Mi dica tre cose che farebbe se scendesse davvero in campo.
«Primo: disarmo totale. Non credo nel concetto di difesa. Se non c’è arma non c’è offesa e non c’è necessità di difesa: guardi che cosa è successo in quella scuola in America. Allora, tutte le armi al bando. Secondo: detassare la beneficenza. Così sì che si aiuterebbe davvero il volontariato. Terzo: togliere i privilegi agli eterosessuali».
Prego?
«Sì: bisogna scardinare il pensiero dominante. L’eterosessuale ha privilegi e diritti che magari non vuole neanche esercitare. Gli altri, che non li hanno, si dannano l’anima per ottenerli. Dando i diritti alle coppie di fatto senza distinzioni, si eliminerebbe la strumentalizzazione elettorale della questione. Secondo me non bisogna combattere solo per il matrimonio gay ma per la libertà individuale, per fare in modo che una persona non venga più catalogata in categorie “formattate”: etero, gay, trans. Queste definizioni non dovrebbero neppure esistere».
Quindi no al matrimonio gay?
«Fermo restando che per me ciascuno dovrebbe avere il diritto di fare come crede, dal mio punto di vista, no al
matrimonio in generale: è un inganno istituzionale. Evviva l’amore di chiunque con chi vuole».
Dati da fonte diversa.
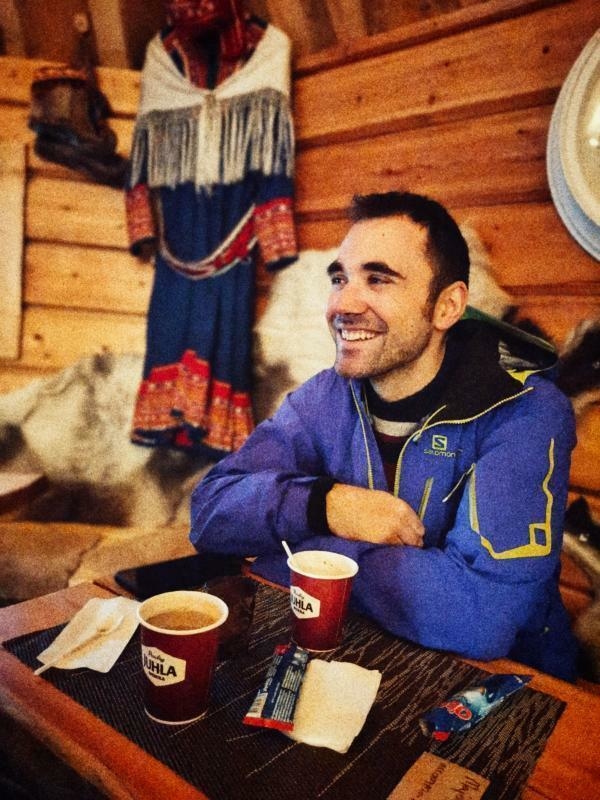 Помимо анимации, Альберто увлекается теннисом и игрой на пианино. Фото предоставлено героем публикации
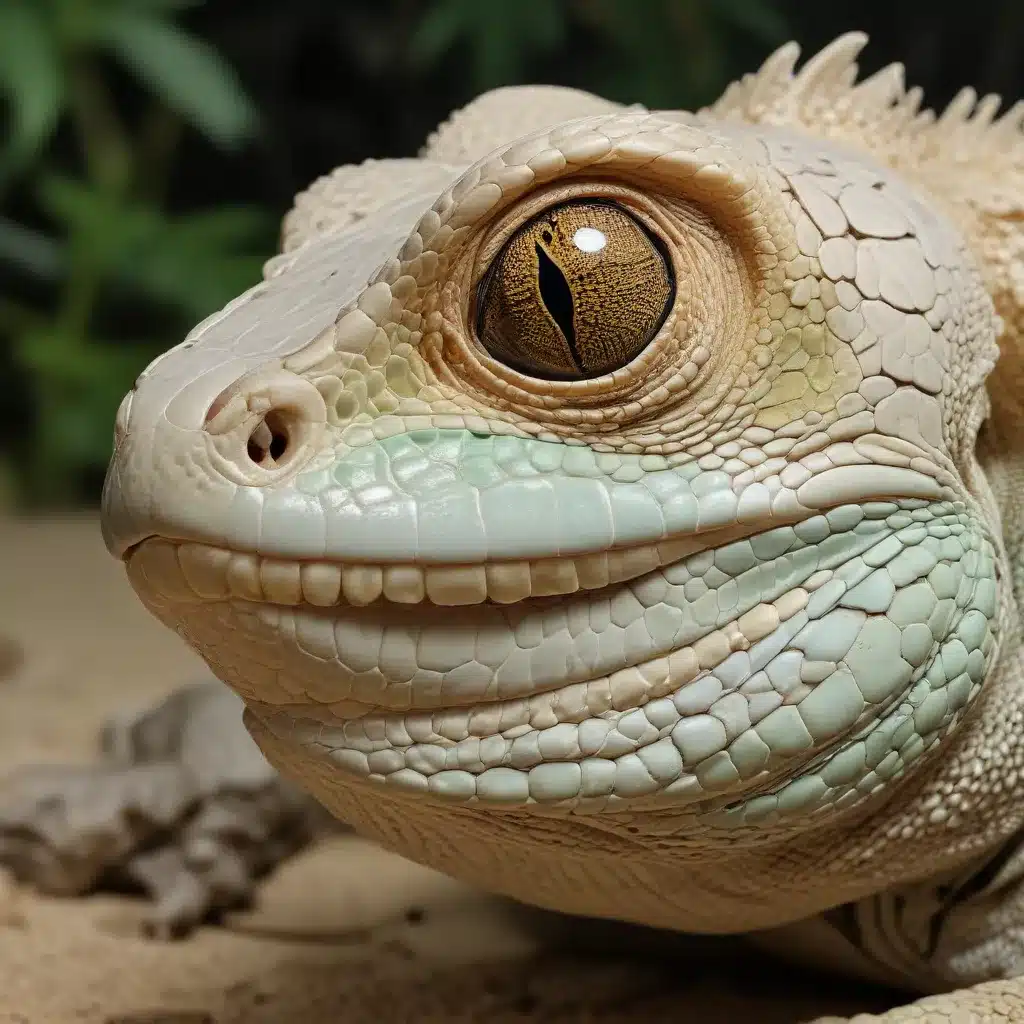 Reptilian Revelations: Groundbreaking Advancements in Herpetological Research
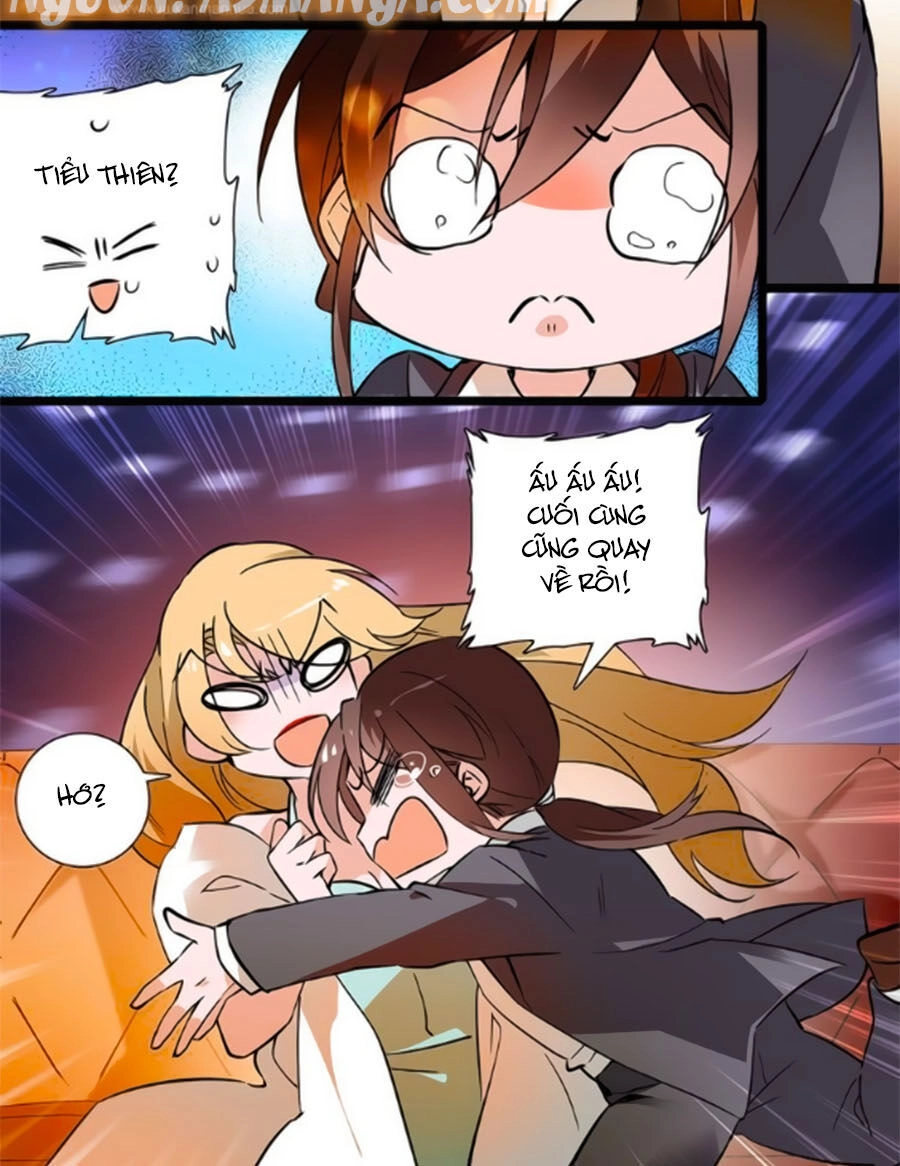 Hoàng Thượng! Hãy Sủng Ái Ta Đi! Chapter 47 - 3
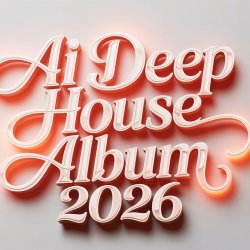 Pochette Dj 4ree$ound - Deep House Album number one (2026)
Altri punti dell’«agenda Nannini»?
«Promozione della cultura italiana: anche da noi, come altrove, radio e Tv non dovrebbero superare una certa quota di dischi “di importazione”, e la nostra musica dovrebbe essere valorizzata con un marchio, come la Doc per i vini. Salari uguali per donne e uomini: come è possibile che, nel 2013, a parità di mansioni una donna guadagni ancora meno di un uomo? E soprattutto, investimenti seri nell’educazione: libri gratuiti, corsi di laurea anche per i lavori artigianali che sono stati la nostra ricchezza e che possono ancora esserlo. La democrazia diventa una dittatura mascherata se non si insegna alle persone a prendere in mano la propria vita, a non metterla ciecamente nelle mani di un altro. È un lavoro che comincia nei primi anni di scuola».
Penelope frequenta già l’asilo?
«Sì. Oggi sono andata ad accompagnarla e mi ha fermato, tutta emozionata, una signora. Mi ha detto: “Grazie”. Perché è riuscita ad avere un figlio quando ormai non credeva più che fosse possibile, e dice che la forza gliel’ho data io. E allora ho pensato: ecco, vedi che anche io posso far miracoli. Ho visto tante donne, come lei, piangere di gioia e di gratitudine per essere riuscite a diventare madri quando pareva a loro».
In che modo pensa di averle aiutate?
«Semplicemente ribellandomi a questo vittimismo femminile secondo cui, dopo i quaranta, il corpo di una donna non è più buono a fare nulla, né il sesso né i figli né la carriera. Non parlo di maternità, parlo di tutto. E non ne faccio solo un discorso di società e modelli culturali, è prima ancora una questione di consapevolezza: le donne devono cominciare a vincere dentro la loro testa. Il pensiero che una donna è una vittima a me non va giù, a me la parola “femminicidio” non sta bene. Definirli femminicidi non basta a fare leggi migliori. E non servono solo punizioni, serve un’educazione diversa. Per le donne e per gli uomini. Anche i maschi: perché condizionarli ad averlo ritto tutto il giorno?».